Con el atletismo y la capoeira como otras aficiones y el sueño de ser profesora durante su adolescencia, fue aquel primer ojeador que la captó quien la convenció para que diera el salto al fútbol. El «tienes mucho talento» dio paso a una prueba en la que maravilló en el Juventus de São Paulo, que terminó siendo su primer club. «Cambió toda mi vida», asegura Ludmila de su valedor. Después llegó al São Caetano, el Portuguesa, el Rio Preto y el São José, en el que jugó entre 2015 y 2017.

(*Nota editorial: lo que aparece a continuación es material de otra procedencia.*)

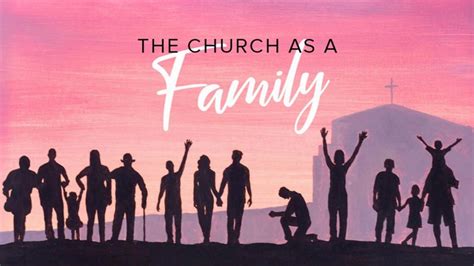 The Church as a Family: Each-Othering - YouTube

Fue entonces cuando su carrera despegó. Y para explicarlo también hay que volver al inicio, al Juventus de São Paulo. En aquel equipo estuvo bajo las órdenes de Emily Lima, que, años más tarde, fue elegida seleccionadora de la absoluta en Brasil. La entrenadora había conocido de cerca la calidad y el potencial que Ludmila guardaba en los pies y la convocó por primera vez con la canarinha.
Así arrancó su exitosa carrera, en la que la atacante de Guarulhos llegó a aterrizar en Madrid para jugar en el Atlético y ser una de las mejores jugadoras de la liga española. Este triunfo profesional no pudo escapar de las malas noticias que llegaban desde la favela, donde Ludmila supo elegir bien pero otros seres queridos no. La mala vida de aquel lugar dejó a muchos por el camino. Primero fue Thabata, su mejor amiga, que murió a los veintiún años a causa de las drogas, un mal extendido que se llevó poco después a su hermana Sheila y a otras conocidas. «La adicción nunca puede ser una opción», publicó la jugadora en sus redes sociales como grito de rabia. La pérdida de su mejor amiga y de su hermana coincidieron en un periodo en el que Ludmila pasaba por una grave lesión en la rodilla. «Fue muy complicado para mí», relató la brasileña en una entrevista con el diario Marca, en la que contó que había sufrido una depresión.
Pero de nuevo apareció el fútbol para rescatarla de la mayor de sus tristezas y seguir convirtiéndola en un baluarte de la lucha contra las adversidades. Ludmila volvió al verde, donde pocas jugadoras pueden hacer frente a sus espectaculares carreras. Este es un paralelismo que se da en su propia vida, porque la brasileña es una pantera a la que nadie puede detener. Su furia es por muchos, pero sobre todo por muchas, y es la abanderada de la favela y de todas aquellas niñas que la miran como un referente. A través de sus botas grita contra las diferencias de raza o de género, esas que la dejaron sin la oportunidad de disfrutar de un fútbol formativo en su infancia y contra las que nunca dejará de pelear.